Si alguien a transmitido simultaneamente esta cantidad de bits con estos circuitos, le agradecería una pronta respuesta...problamente mi error sea un problema en la conexión...

Un saludo a todos....

Nota: Les dejo las hojas técnicas que he utilizado en mis pruebas.....


----------



## MaMu (May 6, 2008)

Partamos de una base y unifiquemos conceptos.
El HT12 solo transmite 4 bits de datos, y 8 bits de dirección. Es dedir, cuando haya una coincidencia de configuración entre las direcciones A0-A7 del trasmisor con las del receptor, ahi el receptor ACEPTA, los cuatro bits de datos, indicando un cambio de estado logico en su pin VT (valid transmit). El circuito HT12, es tri-state, por eso, tene cuidado cuando generas una dirección de hacerlo de forma correcta. 
Si por ejemplo, colocas A0-A7 todos con una resistencia de PullUps a VCC (10k por ejemplo), seteas el transmisor en la dirección 0xFF o bien 255, tene presente, que para que tu receptor reciba la transmisión, debe estar configurada igual, es decir, en la misma dirección. Luego, envias los 4 bits de datos, es decir, un bit por cada uno de los cuatro canales.

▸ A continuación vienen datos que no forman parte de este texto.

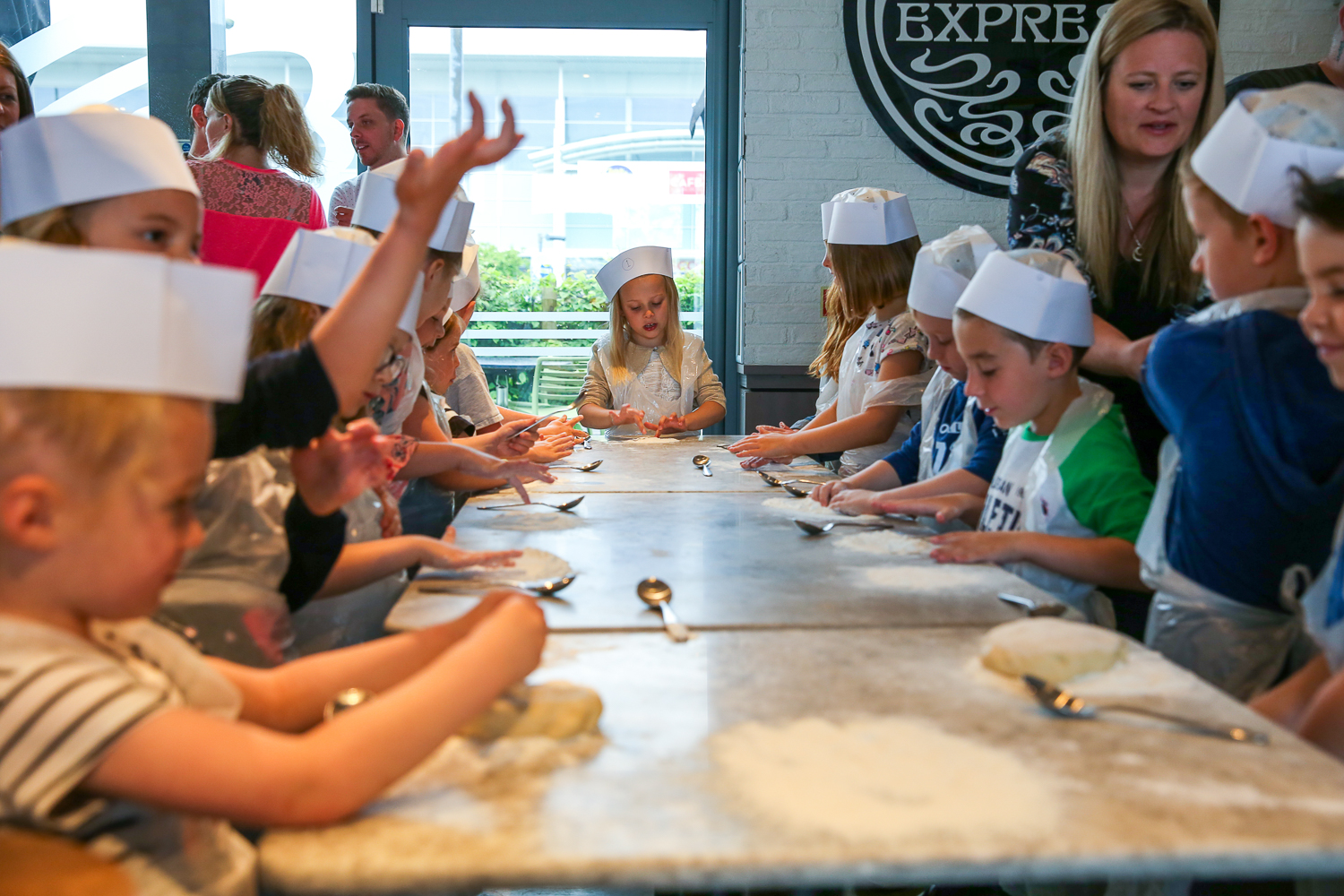 Pizza-Express-Kids-indoor-Birthday-Party-family-photographer-South-Wales-Natalia-Smith-Photography-0002.jpg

Espero haberte sido claro.

Saludos.


----------



## Diederick (May 7, 2008)

Oye gracias por la repuesta.......... pero acaso no es posible transmitir un dato de ocho bits con éstas pastillas?; si la respuesta es negativa; alguno de ustedes conoce alguna pareja de integrados en lugar de los HT12 que permita transmitir DATOS de 8 bits por radiofrecuencia (con módulos 434)?

Un saludo....


----------



## MaMu (May 8, 2008)

Podés transmitir 8 bits, o más, depende de como hagas el protocolo.
La familia HT cuenta con otros integrados de hasta 12bits que funcionan exactamente igual que el HT12E y su par D. No recuerdo los códigos en estos momentos, pero los hay de 8bits. Buscá Holtek (es el fabricante de línea HT) a ver que ICs ofrecen, pero que los hay, los hay, yo he usado uno de 8 bits.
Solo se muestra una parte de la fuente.